◆ **Exercise brief**:
From the data below, repeat everything exactly except the images.

◆ **Dataset excerpt**:
= Beginning of Section =
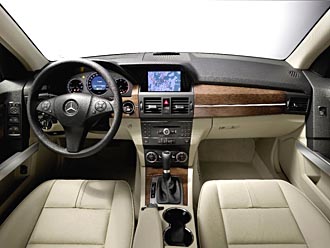 PREMIÄR: Mercedes GLK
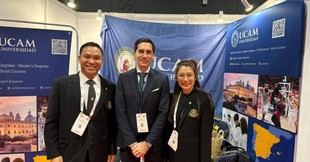 La UCAM potencia su internacionalización en Hong Kong
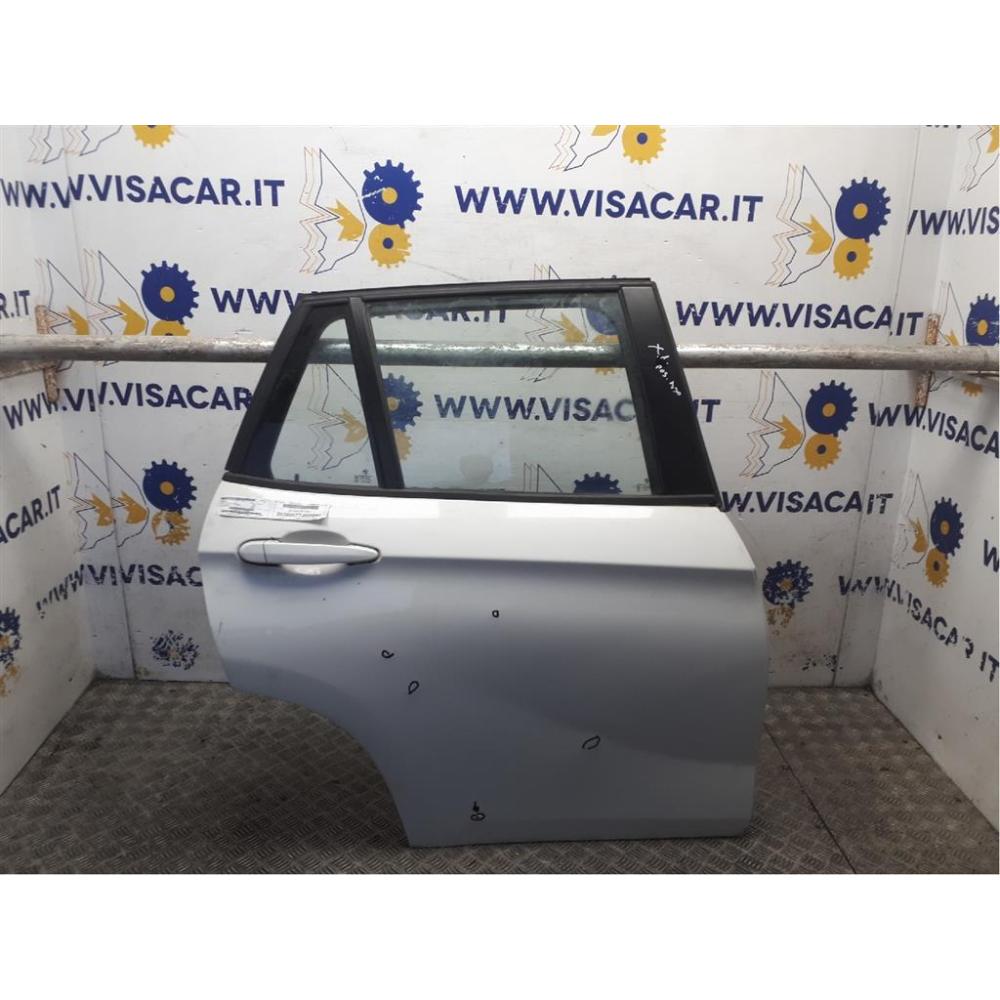 Porta Posteriore Destro Usato Dal 2009 Al 2015 Bmw X1 «E84» (2010)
= End of Section =
◆ **Expected output**:
 PREMIÄR: Mercedes GLK
 La UCAM potencia su internacionalización en Hong Kong
 Porta Posteriore Destro Usato Dal 2009 Al 2015 Bmw X1 «E84» (2010)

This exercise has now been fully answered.